Task to complete
Only one stretch of the data below is needed. Output the lines from the one with "Апартаменты Makenzy Seaview Penthouse" up to and including the one with "86 Indigo Bunting Court — Tuckasegee", exactly as they stand.

Material provided START

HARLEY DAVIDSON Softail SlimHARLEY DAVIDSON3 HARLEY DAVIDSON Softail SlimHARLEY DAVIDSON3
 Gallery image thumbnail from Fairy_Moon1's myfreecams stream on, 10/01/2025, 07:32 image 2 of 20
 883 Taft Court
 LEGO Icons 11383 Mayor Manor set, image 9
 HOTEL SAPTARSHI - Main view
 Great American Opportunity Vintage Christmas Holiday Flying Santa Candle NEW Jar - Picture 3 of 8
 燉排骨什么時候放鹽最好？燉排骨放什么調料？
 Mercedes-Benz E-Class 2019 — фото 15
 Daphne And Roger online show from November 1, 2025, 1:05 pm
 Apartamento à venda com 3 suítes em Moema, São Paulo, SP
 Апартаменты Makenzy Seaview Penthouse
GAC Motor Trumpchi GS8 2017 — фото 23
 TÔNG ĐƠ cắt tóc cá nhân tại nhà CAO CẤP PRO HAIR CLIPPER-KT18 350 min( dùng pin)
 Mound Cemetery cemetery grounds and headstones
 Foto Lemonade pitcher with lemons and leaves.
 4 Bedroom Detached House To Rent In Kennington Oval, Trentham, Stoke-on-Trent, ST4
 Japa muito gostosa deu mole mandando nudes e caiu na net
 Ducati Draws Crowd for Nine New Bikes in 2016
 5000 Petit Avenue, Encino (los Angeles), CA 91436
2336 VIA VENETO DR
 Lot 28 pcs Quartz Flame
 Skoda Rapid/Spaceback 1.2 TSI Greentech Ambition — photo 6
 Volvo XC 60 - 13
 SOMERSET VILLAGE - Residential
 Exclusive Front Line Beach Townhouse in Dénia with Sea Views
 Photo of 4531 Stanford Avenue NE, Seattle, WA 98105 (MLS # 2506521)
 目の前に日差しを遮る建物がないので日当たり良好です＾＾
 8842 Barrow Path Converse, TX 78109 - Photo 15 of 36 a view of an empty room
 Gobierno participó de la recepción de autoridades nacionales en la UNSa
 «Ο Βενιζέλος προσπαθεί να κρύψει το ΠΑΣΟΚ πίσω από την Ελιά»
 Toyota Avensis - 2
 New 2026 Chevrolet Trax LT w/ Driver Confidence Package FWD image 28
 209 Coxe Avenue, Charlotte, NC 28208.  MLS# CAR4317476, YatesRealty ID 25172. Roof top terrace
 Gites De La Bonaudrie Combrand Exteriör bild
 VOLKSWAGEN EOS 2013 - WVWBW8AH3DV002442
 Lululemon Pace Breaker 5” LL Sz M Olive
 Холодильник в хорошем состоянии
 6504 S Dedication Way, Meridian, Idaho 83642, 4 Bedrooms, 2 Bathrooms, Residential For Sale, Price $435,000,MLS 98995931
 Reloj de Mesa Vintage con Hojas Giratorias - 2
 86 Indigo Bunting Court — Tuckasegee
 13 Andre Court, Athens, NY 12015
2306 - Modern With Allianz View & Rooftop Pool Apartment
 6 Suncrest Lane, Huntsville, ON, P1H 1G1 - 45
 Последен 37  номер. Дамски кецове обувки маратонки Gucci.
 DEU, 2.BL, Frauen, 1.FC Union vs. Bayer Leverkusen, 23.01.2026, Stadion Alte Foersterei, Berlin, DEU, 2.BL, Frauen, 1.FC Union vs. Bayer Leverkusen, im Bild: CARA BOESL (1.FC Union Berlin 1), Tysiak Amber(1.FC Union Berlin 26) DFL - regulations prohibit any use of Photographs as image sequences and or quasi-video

Material provided END

Problem solution
 Апартаменты Makenzy Seaview Penthouse
GAC Motor Trumpchi GS8 2017 — фото 23
 TÔNG ĐƠ cắt tóc cá nhân tại nhà CAO CẤP PRO HAIR CLIPPER-KT18 350 min( dùng pin)
 Mound Cemetery cemetery grounds and headstones
 Foto Lemonade pitcher with lemons and leaves.
 4 Bedroom Detached House To Rent In Kennington Oval, Trentham, Stoke-on-Trent, ST4
 Japa muito gostosa deu mole mandando nudes e caiu na net
 Ducati Draws Crowd for Nine New Bikes in 2016
 5000 Petit Avenue, Encino (los Angeles), CA 91436
2336 VIA VENETO DR
 Lot 28 pcs Quartz Flame
 Skoda Rapid/Spaceback 1.2 TSI Greentech Ambition — photo 6
 Volvo XC 60 - 13
 SOMERSET VILLAGE - Residential
 Exclusive Front Line Beach Townhouse in Dénia with Sea Views
 Photo of 4531 Stanford Avenue NE, Seattle, WA 98105 (MLS # 2506521)
 目の前に日差しを遮る建物がないので日当たり良好です＾＾
 8842 Barrow Path Converse, TX 78109 - Photo 15 of 36 a view of an empty room
 Gobierno participó de la recepción de autoridades nacionales en la UNSa
 «Ο Βενιζέλος προσπαθεί να κρύψει το ΠΑΣΟΚ πίσω από την Ελιά»
 Toyota Avensis - 2
 New 2026 Chevrolet Trax LT w/ Driver Confidence Package FWD image 28
 209 Coxe Avenue, Charlotte, NC 28208.  MLS# CAR4317476, YatesRealty ID 25172. Roof top terrace
 Gites De La Bonaudrie Combrand Exteriör bild
 VOLKSWAGEN EOS 2013 - WVWBW8AH3DV002442
 Lululemon Pace Breaker 5” LL Sz M Olive
 Холодильник в хорошем состоянии
 6504 S Dedication Way, Meridian, Idaho 83642, 4 Bedrooms, 2 Bathrooms, Residential For Sale, Price $435,000,MLS 98995931
 Reloj de Mesa Vintage con Hojas Giratorias - 2
 86 Indigo Bunting Court — Tuckasegee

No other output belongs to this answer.